J) A Recorrente e a Recorrida foram notificadas do presente despacho por ofício datado de 23.10.2006 (fls.77 e 78 dos autos).
K) Em 18.12.2009 foi proferida a sentença recorrida (fls.85 a 87 dos autos)

4. JULGAMENTO DE DIREITO

4.1 Assente a factualidade apurada cumpre, agora, antes de mais, entrar na análise da exceção suscitada.
A questão (prévia) que cumpre apreciar e decidir é a da competência em razão da hierarquia deste Tribunal Central Administrativo para conhecer do presente recurso, sendo que esta questão assume carácter prioritário relativamente a todas as outras, conforme decorre do disposto no artigo 13.º do CPTA aplicável por força do disposto no artigo 2º, alínea c), do CPPT, porquanto a sua eventual procedência prejudicará o conhecimento de qualquer outra questão.
Resulta do disposto no artigo 26º, alínea b) e do artigo 38º, alínea a) do Estatuto dos Tribunais Administrativos e Fiscais (ETAF) e do artigo 280º, nº 1 do Código de Procedimento e de Processo Tributário (CPPT) que ao Tribunal Central Administrativo, Secção de Contencioso Tributário, compete conhecer dos recursos das decisões dos tribunais tributários de 1ª instância, exceto quando o recurso tiver por exclusivo fundamento matéria de direito, situação em que a competência será da Secção de Contencioso Tributário do Supremo Tribunal Administrativo.

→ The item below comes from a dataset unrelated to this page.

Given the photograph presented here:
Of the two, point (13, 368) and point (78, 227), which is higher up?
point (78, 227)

Para aferir da competência, em razão da hierarquia, do STA, há que ponderar as conclusões da alegação do recurso e verificar se, as questões controvertidas se resolvem mediante a exclusiva aplicação e interpretação de normas jurídicas, ou se, pelo contrário, implicam a necessidade de dirimir questões de facto, seja porque discorda das ilações de facto que deles se retiraram, porque invoca factos que não foram dados como provados e que, em abstrato, podem não ser indiferentes para o julgamento da causa.

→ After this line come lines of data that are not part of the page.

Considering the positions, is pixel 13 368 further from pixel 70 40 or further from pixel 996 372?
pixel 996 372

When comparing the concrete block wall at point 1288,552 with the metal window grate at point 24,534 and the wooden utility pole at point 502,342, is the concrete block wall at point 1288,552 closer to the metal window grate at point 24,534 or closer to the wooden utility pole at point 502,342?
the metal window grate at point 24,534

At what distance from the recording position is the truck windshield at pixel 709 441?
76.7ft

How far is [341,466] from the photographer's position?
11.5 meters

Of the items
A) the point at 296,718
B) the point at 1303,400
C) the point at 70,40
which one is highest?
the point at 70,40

Da leitura das conclusões de recurso, que acima ficaram transcritas e que delimitam o âmbito e o objeto do presente recurso, consiste em saber se a sentença recorrida incorreu em erro de julgamento por violação de lei.

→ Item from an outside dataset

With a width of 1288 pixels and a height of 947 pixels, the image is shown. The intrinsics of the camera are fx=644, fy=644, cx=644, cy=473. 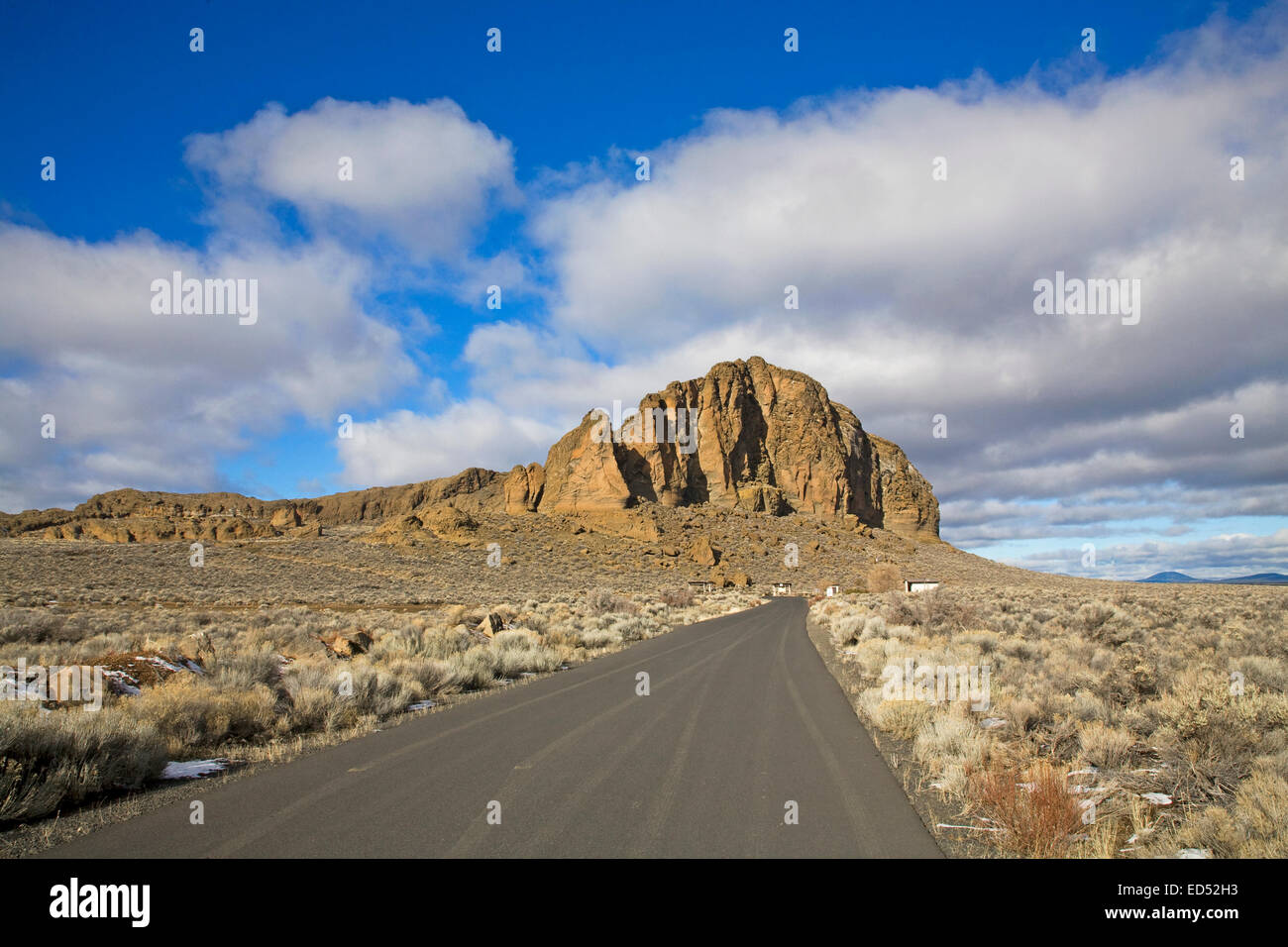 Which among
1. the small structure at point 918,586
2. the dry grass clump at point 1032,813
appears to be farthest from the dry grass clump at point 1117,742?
the small structure at point 918,586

A resposta a esta questão tem por base um silogismo jurídico com base nas ilações de facto e de apuramento de factos, para além, da Recorrente ter alegado na conclusão n.º 1 que o Tribunal a quo deveria dar como provado que por se tratar de facto público e notório, que a margem de lucro no sector do comércio a retalho de combustíveis é inferior a 10%.
Nesta conformidade a questão fundamental embora tenha por base por matéria de direito, a Recorrente questiona os factos dado como provados.
Nesta perspetiva, afigura-se-nos que a competência para conhecer o objeto do presente recurso, com o devido respeito por opinião contrária, a Secção do Contencioso Tributário do Tribunal Central Administrativo Norte, uma vez que não tem por exclusivo fundamento matéria de direito, mas também, matéria de facto e/ou ilações de facto.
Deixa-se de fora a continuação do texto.